Special kids make for a special day’s sailing

A contribution by Jonathan Kline, Mercury Bay Boating Club

Over two days in the last week of the school year, volunteers from the Mercury Bay Boating Club and learning support coordinator from Mercury Bay Area School, Karen Johansen, together with her team of helpers, hosted water safety and sailing training for a group of special needs students. 

This marks the second year of this initiative, with all six students who attended in 2018 returning, together with one new student joining for the first time. On the first day, with a stiff southerly whipping up the bay, we made the decision that it was too windy to sail but forged ahead with the preparatory steps all sailors need to follow – personal care and proper dress and equipment checks.  It was quite a scene as our sailors slapped sunscreen on, attacked their mid-morning snacks, and struggled – as we all do – with tight wetsuits, kindly provided by Dive Zone, Whitianga. The whole squad then enjoyed the walk from the Boating Club down to the slightly calmer waters closer to Brophy’s Beach, where several Hobie Cats were staged for the training.  Those who sailed with us last year remembered how to sit, where to hold on, and what to expect when on the water.  Charlotte, our newest recruit, is blind and she had to practice these skills for the first time.  “How do I know where the boat ends? I’m afraid of falling off,” she asked, driving home the most obvious concern of hers that I had not even considered. 

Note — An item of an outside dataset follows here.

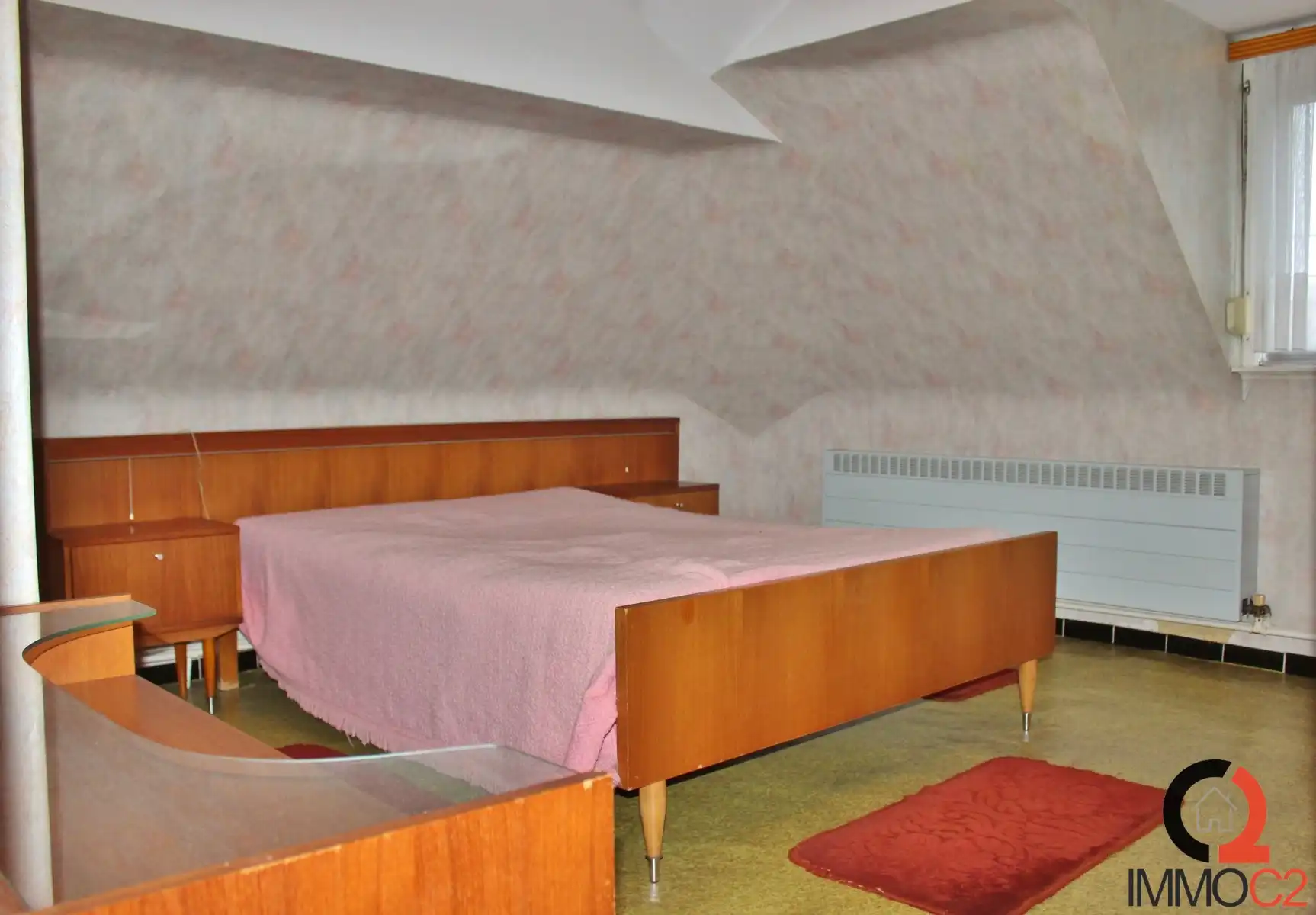 Huis te huur foto 16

“Charlotte,” I asked, “do you feel the wind?” “Yes,” she said confidently. “Point in the direction it is coming from.” Now the answer to this question may seem obvious to adults, but most of the kids we coach are not able to identify wind direction at first. In a group of six, every hand will point to a different point on the compass. Charlotte raised her arm confidently and pointed to the North East, her limb perfectly in line with the Hobie Cat boom that she could not see, which clearly confirmed the NE wind. 

“The boat ends here,” I said, showing her how large these Hobie Cat trampolines are. “We won’t let you fall off.”

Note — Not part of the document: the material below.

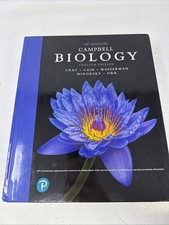 Campbell Biology AP Edition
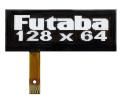 ELW1301AA electronic component of Futaba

Jakob, Kieran, Reuben, Paige, Indy and Ashley all took their turns, but needed little coaching as they were all graduates of last year’s course. With the beach training complete, we all took to the water which by then was rough with wind and waves.  But with their wetsuits on, the kids quickly realised how much fun it is to gambol in surf.

On our second training day, we were blessed with a calmer sea and light winds. Skippers and crew pushed their waka into the sea, sails filled and our small flotilla was off.  Charlotte, who was still very anxious, relaxed as the sounds of the waves vanished, replaced instead by the calm silence of sail.  Before we had completed our first leg, Charlotte asked, “Can I come back and do this again next year?” 

The skippers manoeuvred their boats into a tight formation, so that the students could not only see each other but also speak to each other, including words of encouragement from Paige - “You are doing so well, Charlotte” met with “You are my best friend, Paige.” The day ended back at the clubroom for cake and hot chips. John Jackman, who was at the helm of his Hobie named Black and White, spoke for all of the skippers when, after being formally thanked by the students for taking them sailing, he rightfully observed, “Thanks for giving us the perfect excuse to get out on the water.” 

Congratulations Indy Catran, Kieran Clayton, Jakob Topp, Ashley Cox, Reuben Davis, Paige McPherson and Charlotte Jamieson. You all rock!

Pictured: The coaches, crew, students and support team who took part in Mercury Bay Boating Club’s water safety and sail training programme for students with special needs.